### Directions
Please give back each entry below unaltered, leaving the pictures out.

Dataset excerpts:
———
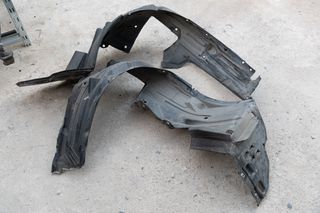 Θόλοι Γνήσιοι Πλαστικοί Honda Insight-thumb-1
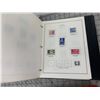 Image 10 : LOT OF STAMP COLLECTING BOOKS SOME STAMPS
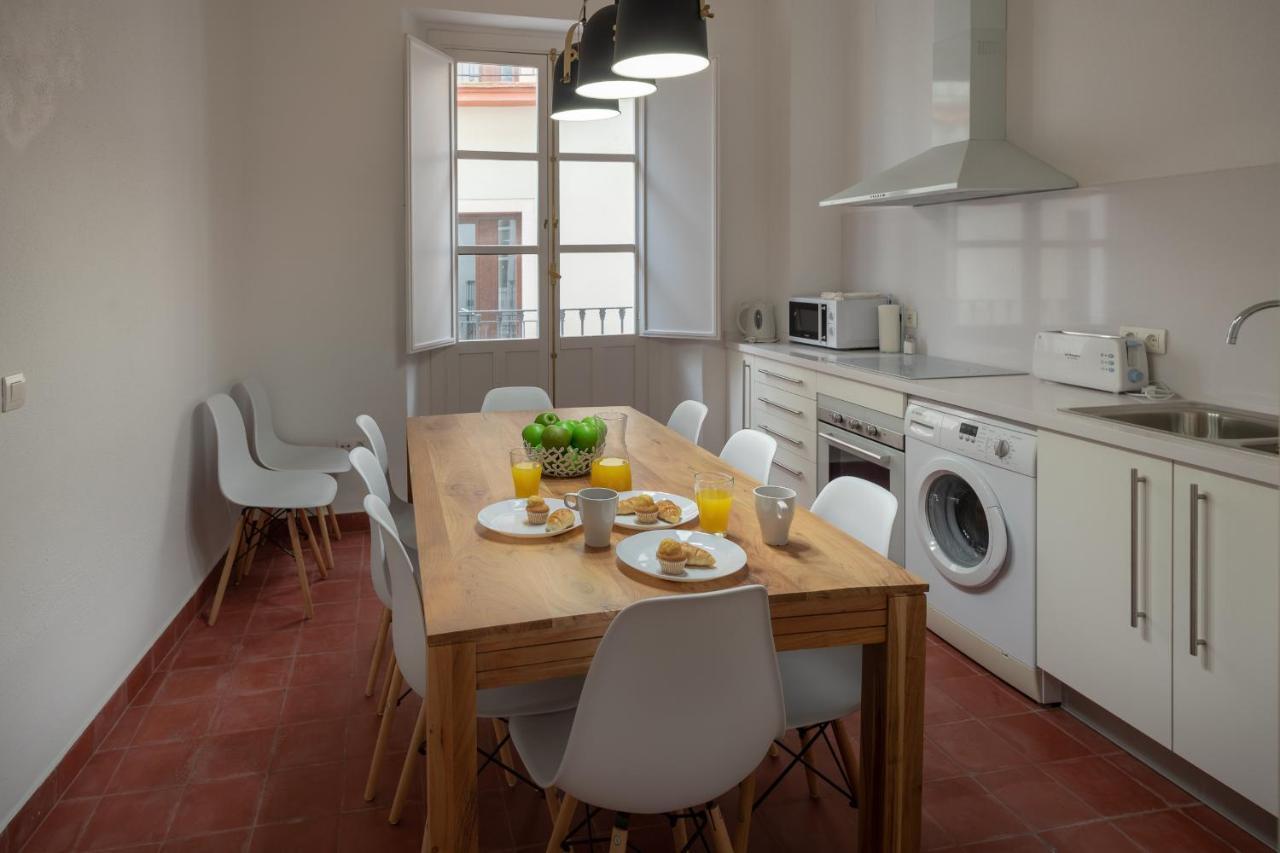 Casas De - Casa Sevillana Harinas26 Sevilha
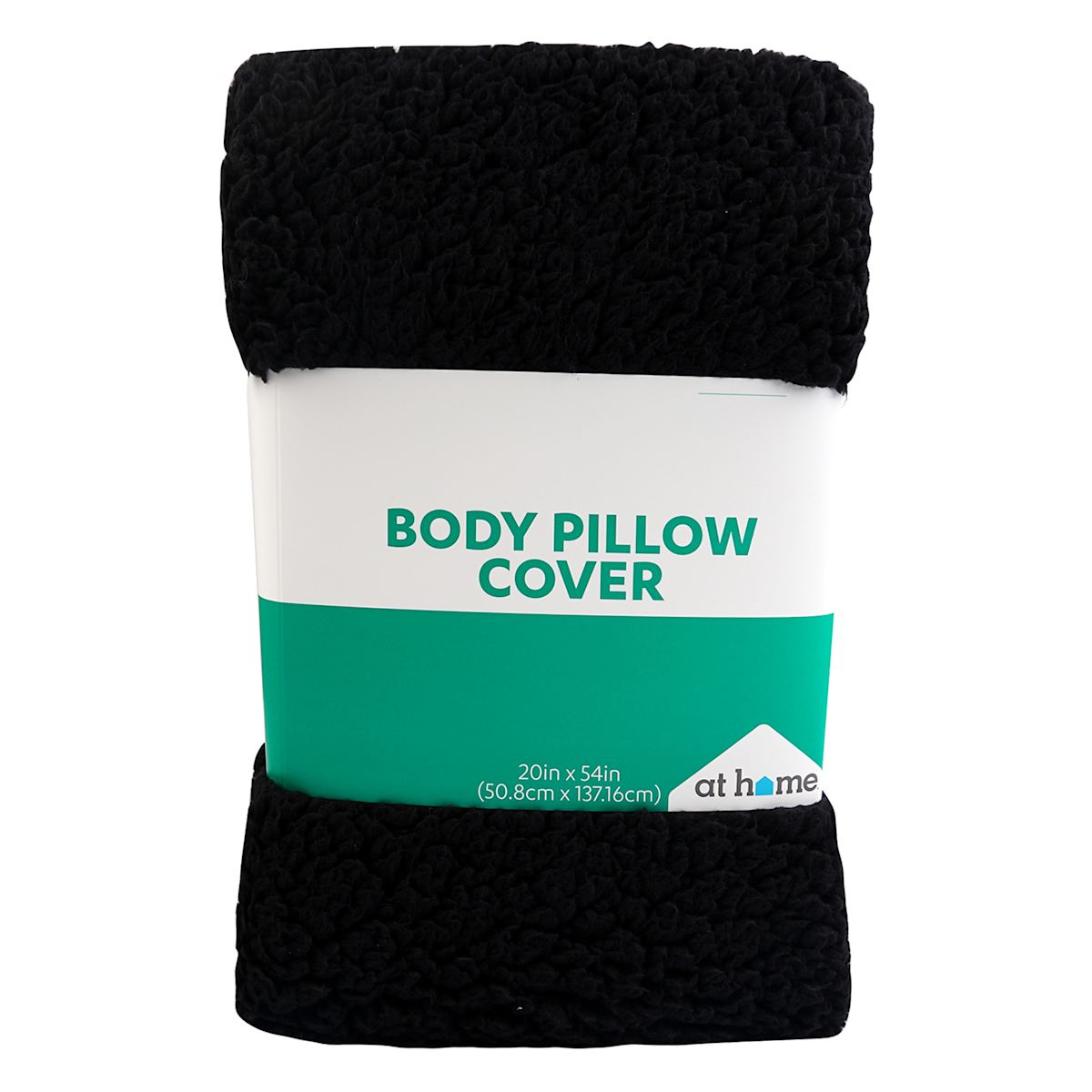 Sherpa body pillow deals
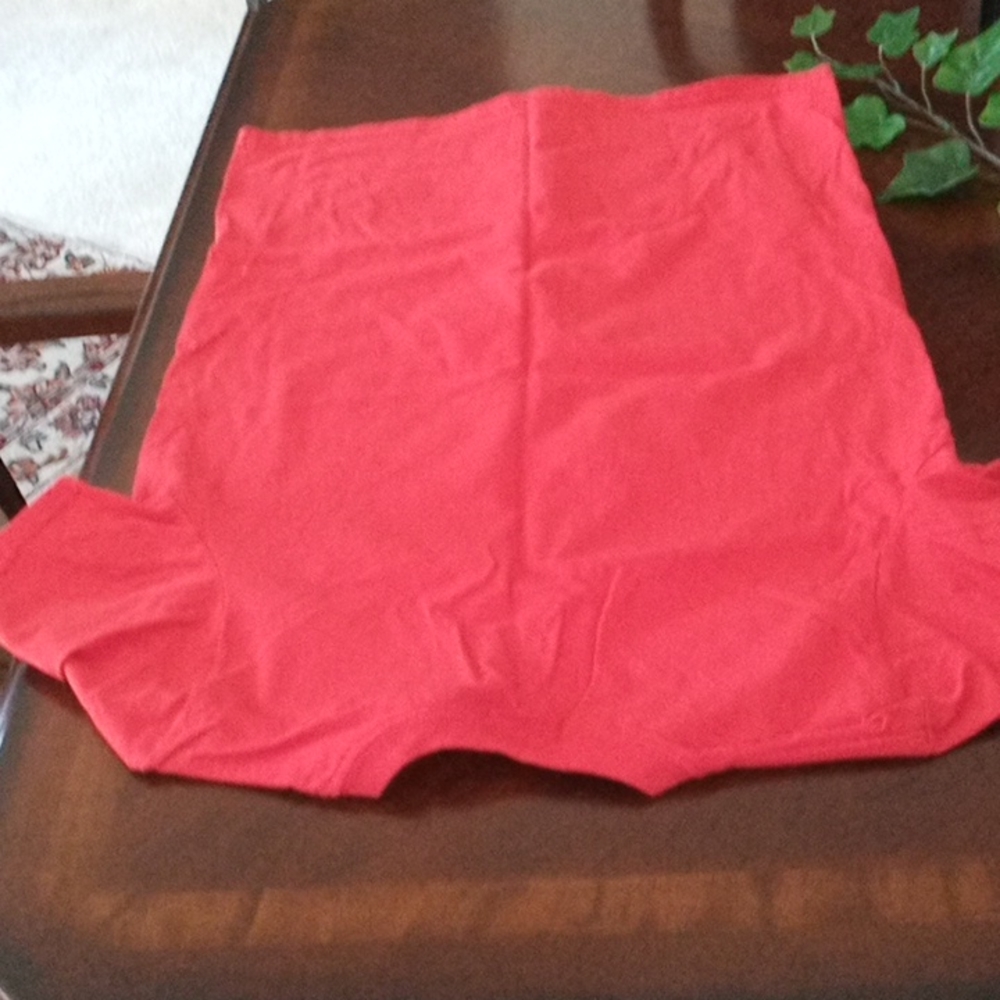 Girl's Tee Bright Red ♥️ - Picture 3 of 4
———
### Exercise solution
 Θόλοι Γνήσιοι Πλαστικοί Honda Insight-thumb-1
 Image 10 : LOT OF STAMP COLLECTING BOOKS SOME STAMPS
 Casas De - Casa Sevillana Harinas26 Sevilha
 Sherpa body pillow deals
 Girl's Tee Bright Red ♥️ - Picture 3 of 4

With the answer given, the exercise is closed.